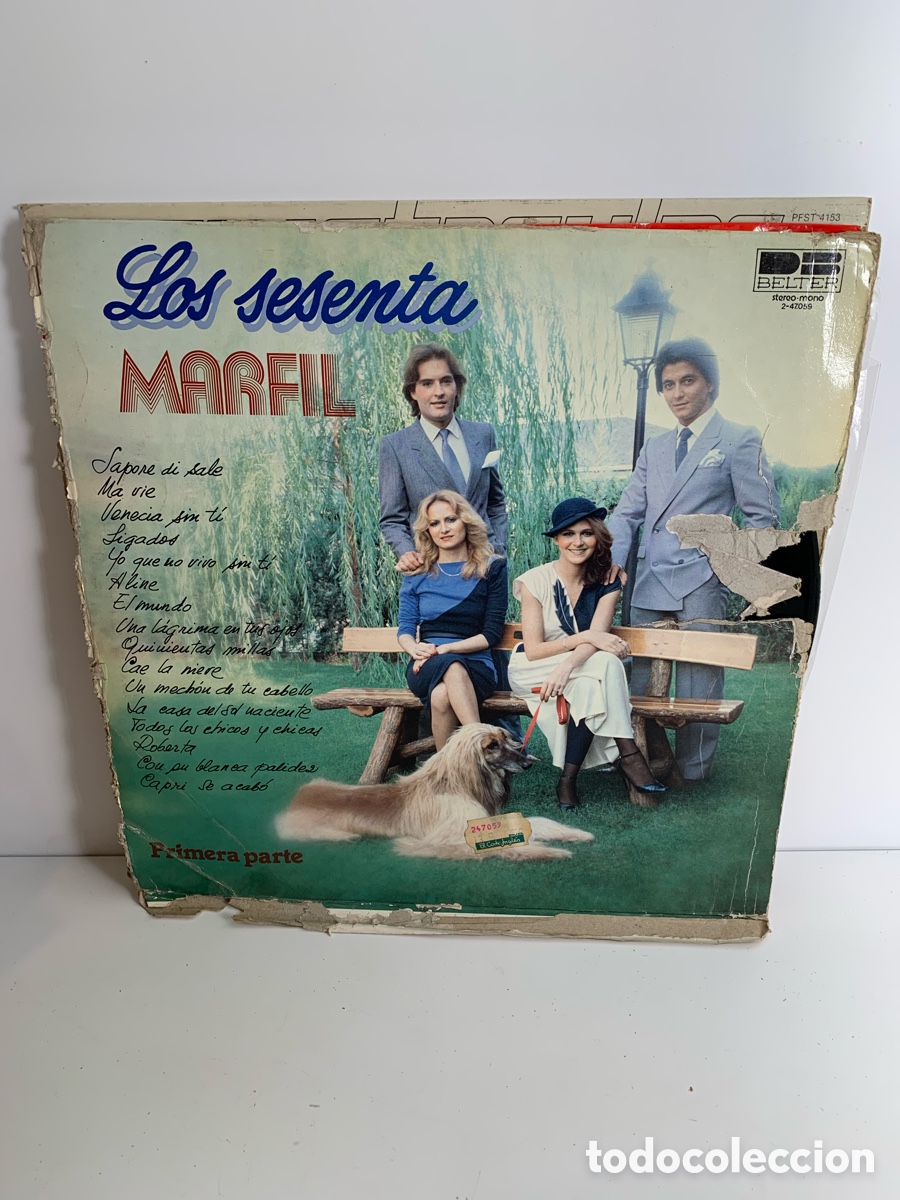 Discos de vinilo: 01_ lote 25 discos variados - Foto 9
---
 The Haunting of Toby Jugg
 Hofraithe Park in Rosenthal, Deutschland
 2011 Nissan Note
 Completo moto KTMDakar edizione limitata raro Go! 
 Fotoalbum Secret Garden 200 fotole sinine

What you need to do » Only those lines of the entries above that run from the line containing "2011 Nissan Note" to the line containing "Fotoalbum Secret Garden 200 fotole sinine", both included, should be transcribed exactly.

Task response »
 2011 Nissan Note
 Completo moto KTMDakar edizione limitata raro Go! 
 Fotoalbum Secret Garden 200 fotole sinine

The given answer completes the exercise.